The complaint filed on June 20 (a copy of the complaint is with HT) calls for an independent probe into the matter stating that a local sub divisional officer (SDO), who led an inquiry in September last year, gave these purchases a clean chit. The complaint makes reference to land purchased by Venkateshwara Gupta and Piyush Bongirwar along with five others in Shahapur and Murbad talukas. It alleges connivance of local officials with these individuals in purchasing large tracts of agricultural land. Some of this land falls close to the alignment of the super communication highway and the names of these land owners along with relatives of several government officers had figured in the complaint made to the chief minister during the winter session of the state legislature in December last year. While a probe in the issue was promised in the legislature, there has been little to show by way of progress in the past six months.
Piyush Bongirwar is the son of former chief secretary of the Arun Bongirwar and brother-in-law of a senior bureaucrat in chief minister Devendra Fadnavis’ Office.
“I am neither aware of the said purchase nor have I spoken to anyone about the same. And all legal action should be taken to stop any irregularities, if any. There is no connection with the CMO or myself in these land transactions or the said inquiry. No file has passed through my office,’’ said the senior bureaucrat.
Piyush Bongiwar told “This refers to some land purchased by a group of us. We submitted relevant documents of the land before the sub divisional officer and on the basis of that, a judgement was given in our favour. There is nothing irregular in this purchase.”
Gupta is a close associate of Bongirwar — both are directors together in a firm called Harihar Life Space and are also associated with the Alamuri Ratnamala Institute of Engineering and Technology. Gupta was not available for comment. He told HT he was not in the city and hence could not comment.

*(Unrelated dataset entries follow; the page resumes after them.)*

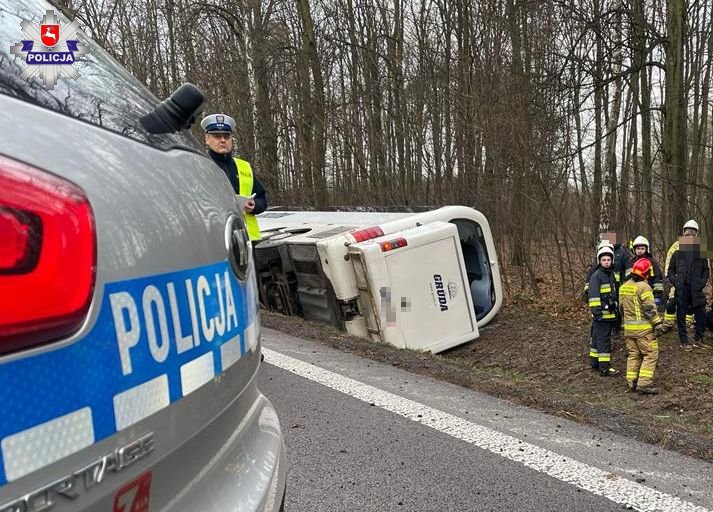 68 195846 Groźny wypadek autokaru. 11 osób w szpitalu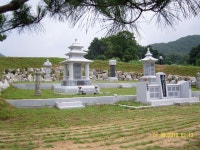 안성 묘역공사 (경주 이씨) | 조각, 경주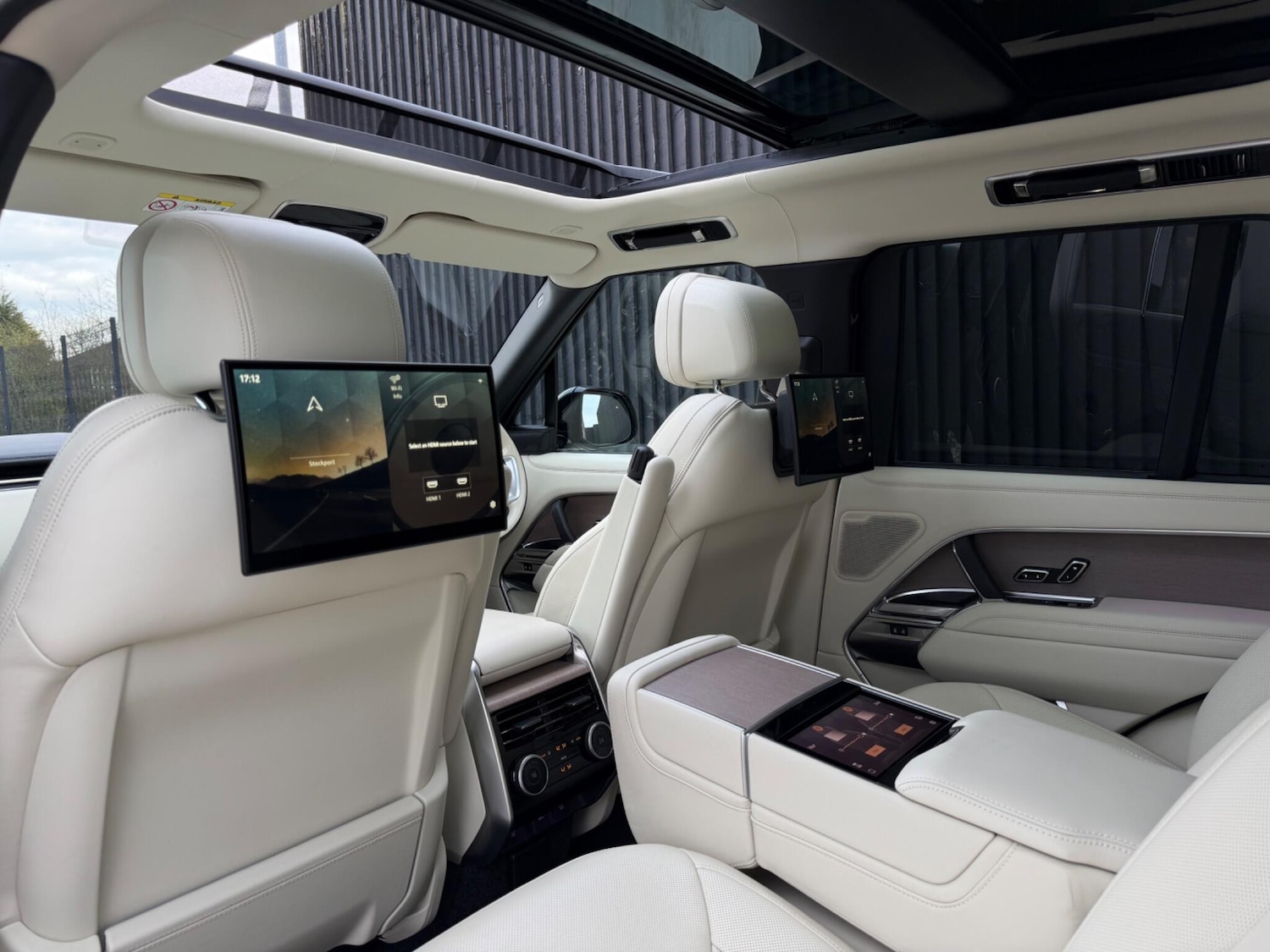 Used Land Rover Range Rover 2023 for sale - 78048255: Photo 32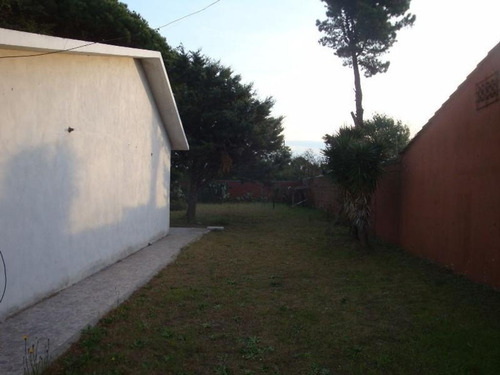 Imagen 3 de 8 de Casa Sola En Lote Propio De 520m2. Zona Tranquila. Ideal Vivienda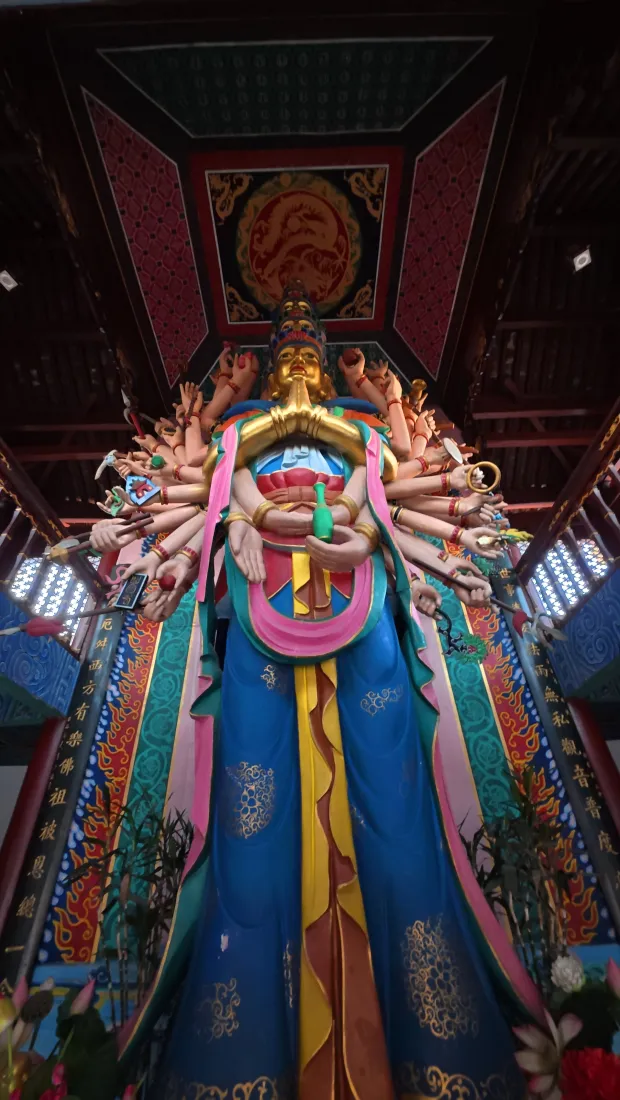 千手观音手机壁纸｜寺庙佛像背景图片 - 传统宗教造像「哲风壁纸」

In May last year, Shahapur tehsildar had referred the case of land purchase of surplus 118 hectares (283 acres) in four villages of Sathgaon, Mokhawane, Bhatsai and Sapgaon by Gupta, Bongirwar and others to the SDO for a hearing. Sub divisional officer Dr Santosh Tithe, in his report dated September 23, 2016, had regularised this purchase as not exceeding the land ceiling. A copy of this report is with HT.
Harne, in his complaint, challenged this clean chit pointing out to various factual errors and bypassing of laws in the probe. These include not classifying land as irrigated or dry land, blanking out several survey numbers and purchases made in 2012 in Mokhane village, not considering land purchased in other villages, including Tember, Thile, absence of scrutiny of land purchased by these individuals elsewhere in the state so far and considering land purchases under Hindu Undivided Family or ancestral land holdings, when they did not fall in this category.
The report in granting a clean chit to Gupta and Bongirwar does make reference to Section 6 of the Agriculture Land Ceiling Act. This section refers to additional leeway of 10 more acres a member being given to large families with more than five members. This is with reference to ancestral property or land holdings. The inquiry said Gupta, with eight members, and Bongirwar, with six members in the family, could get their land ceiling holdings increased to 84 acres and 64 acres respectively. The report noted that Gupta held 69 acres of land in these villages, while Bongirwar owned 63 acres and as such had not violated the law.
Principal secretary (revenue) Srivastav was not available for comment. Sources in the CMO told HT an initial probe in the matter assured in the winter session had been entrusted with chief secretary Sumit Mullick. So far, sources said district collectors had been asked to collate information about government officials and their kin purchasing land along this alignment, but no headway had been made in the probe.